_Task requirements_
Excluding pictures, retype exactly the lines from the one with "Desvendando o Mundo" through the end of the records that follow.
Records shown section start
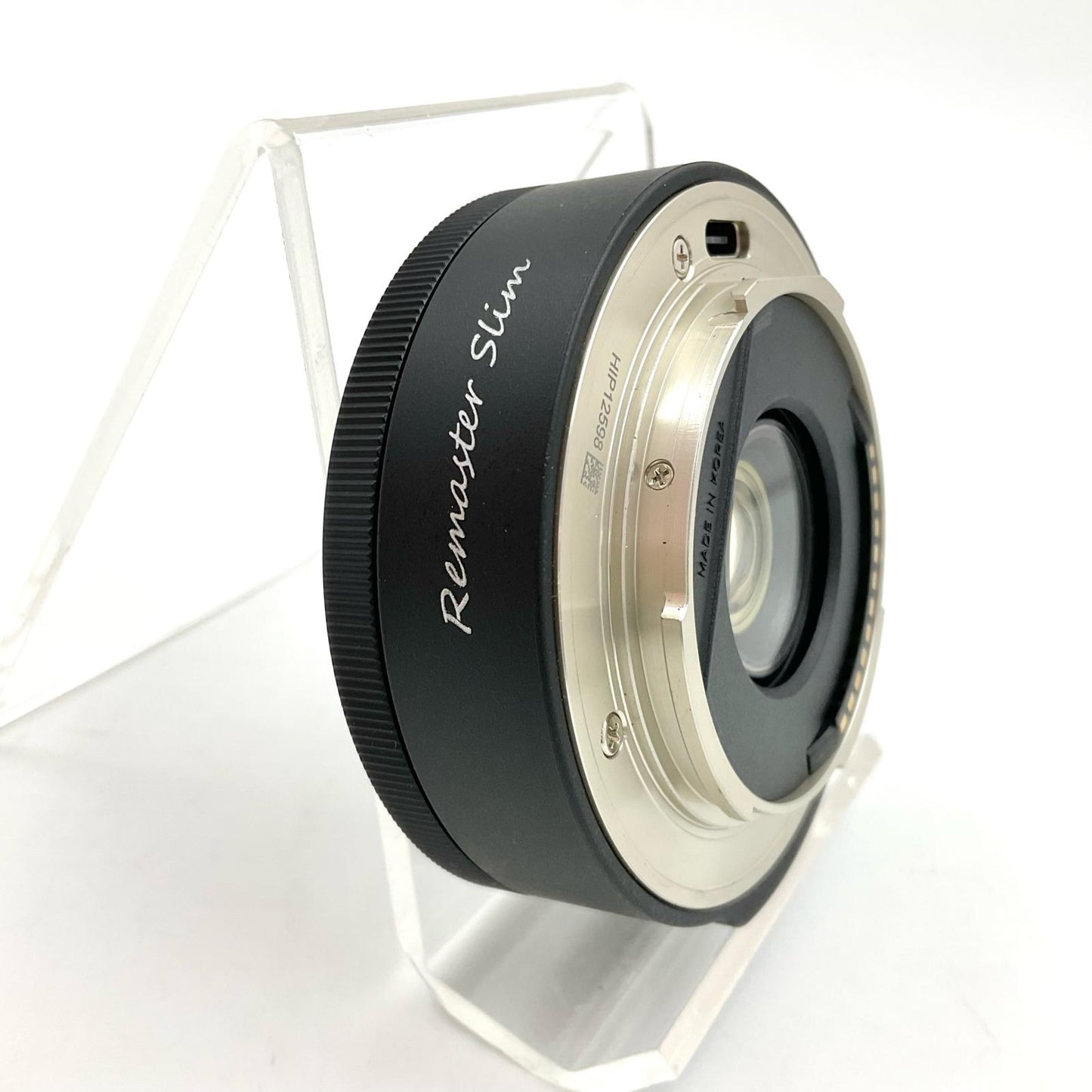 【全額返金保証】【最速発送】SAMYANG Remaster Slim 21mm F3.5 / 28mm F3.5 / 32mm F2.8 超美品 動作確認済
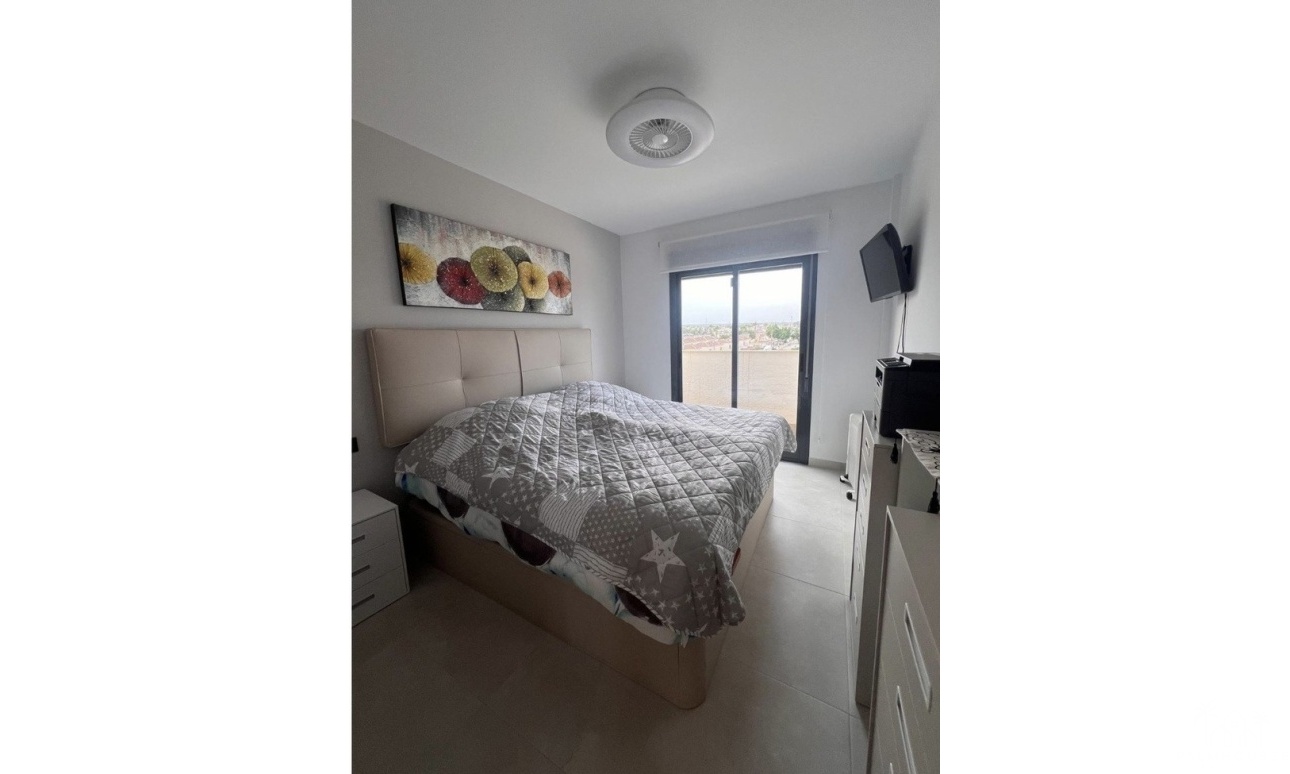 Resale - Apartments - Guardamar del Segura - El Raso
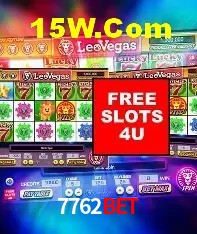 Desvendando o Mundo dos Jogos Virtuais na 7762Bet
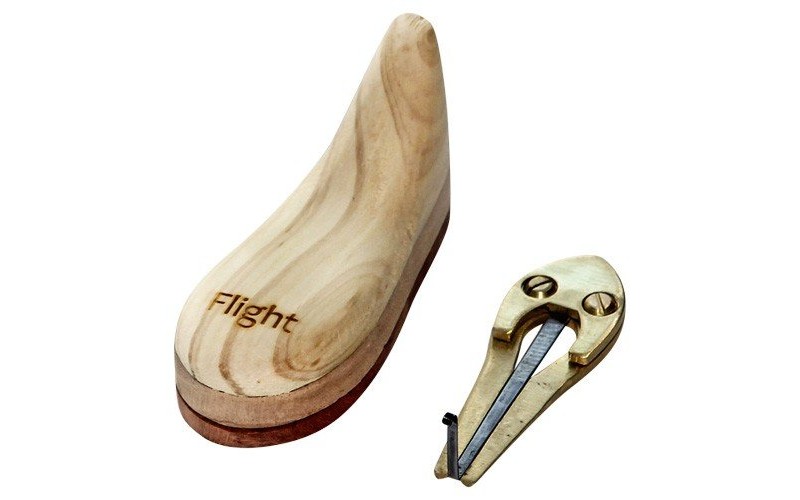 FLIGHT FJH-3 Ellipse - Варган 10 см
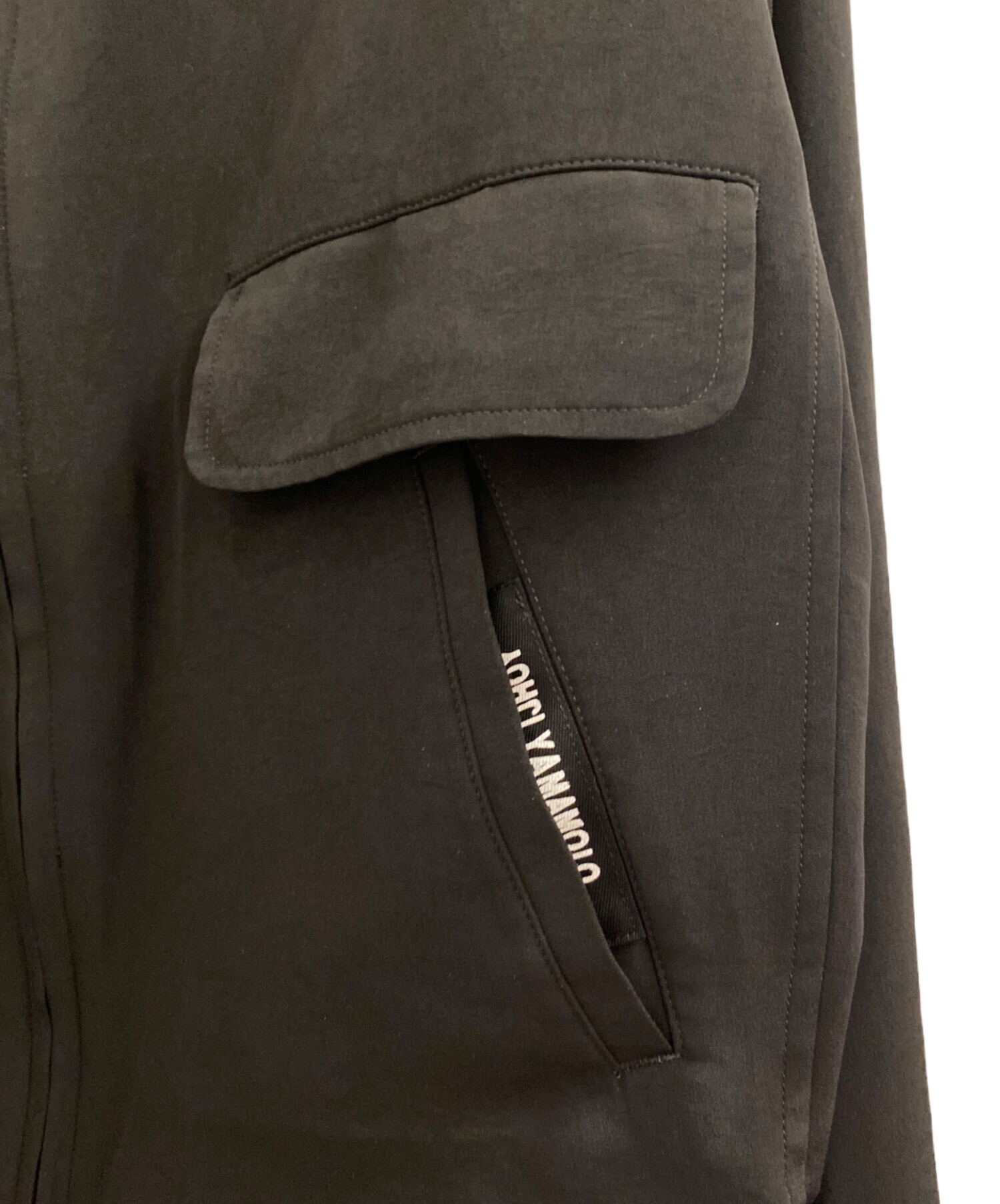 中古・古着通販】Yohji Yamamoto pour homme (ヨウジヤマモト 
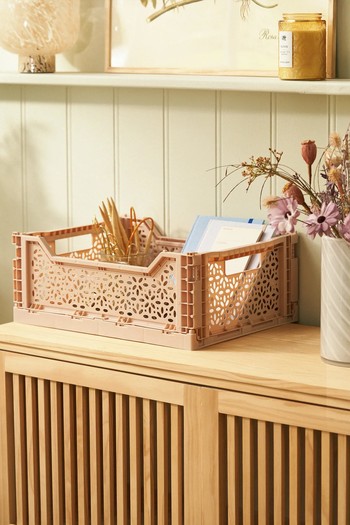 Folding Crate from SØSTRENE GRENE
Records shown section end
_The answer_
 Desvendando o Mundo dos Jogos Virtuais na 7762Bet
 FLIGHT FJH-3 Ellipse - Варган 10 см
 中古・古着通販】Yohji Yamamoto pour homme (ヨウジヤマモト 
 Folding Crate from SØSTRENE GRENE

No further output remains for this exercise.